Salch has worked in a variety of settings while specializing in mental health crisis interventions, including as a psychiatric crisis clinician with the Boston Police Department, responding to individuals in distress and helping them avoid violent confrontations, jail or unnecessary hospital visits and ultimately get treatment.
McInerney, who’s originally from Malden, Massachusetts, specializes in trauma and family counselling. “With our different backgrounds, we feel that it’s a good combination to try to come here and see what we can do in the community,” McInerney said.
“We’re trying to help open up the conversation about mental health and substance abuse,” she said. “It’s a very difficult topic.

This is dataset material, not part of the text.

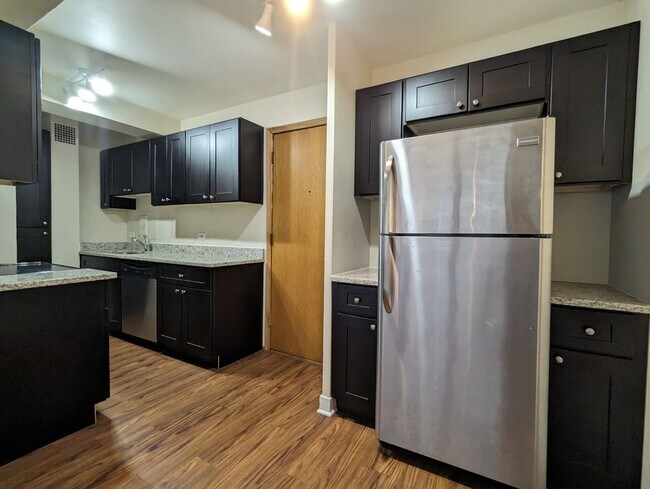 Photo - 4180 N Marine Dr Unidad Apartment 1206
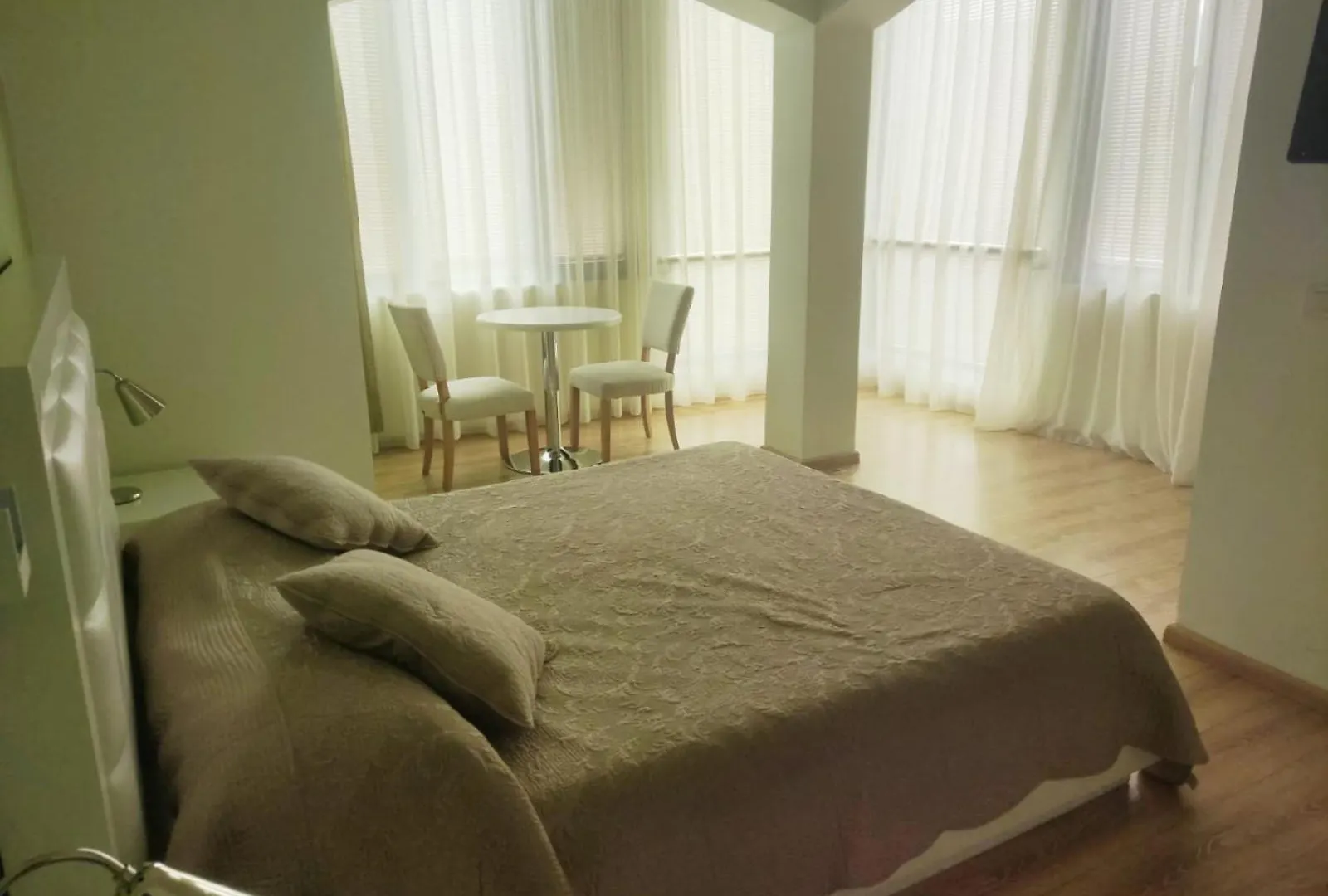 Hotel & Restaurant White City Berat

The more we talk about things the more we’re able to help each other understand.”
McInerney added that County Behavioral accepts all insurances and offers a sliding scale fee schedule based on incomes, noting that they can also help people apply for insurance.
Using techniques such as mindfulness-based stress reduction, Salch and McInerney are offering a range of approaches, including trauma therapy, group, family and individual therapy and substance abuse therapy.
They also may eventually offer medication-assisted therapy for heroin and opioid addiction with suboxone, which would be prescribed by a psychiatrist or nurse practitioner and paired with cognitive-behavioral therapy.
“Opioid-replacement therapies are successful and do work,” especially when people recovering with addictions participate in counseling, group therapy and community support programs, Salch said.
While Aroostook County does not have a dedicated psychiatric hospital for treating acute mental health disorders or addiction – which can often come in tandem – Salch said that clinics like County Behavioral can help expand access to treatment and offer better outreach.
“One of my goals is to work with TAMC or other medical providers in the area when they do acute detox” with individuals on alcohol, heroin or opioids. “We would like to be a part of that process.”
Salch added that they’re also focusing on helping youth and a state program trying to address the problem of childhood trauma.
“We’ve received training in the Maine Children’s Behavioral Health Initiative to take what we’ve learned and share with teachers, health providers, community members, police departments and fire departments,” Salch said. “We look for things that we can learn and bring back.”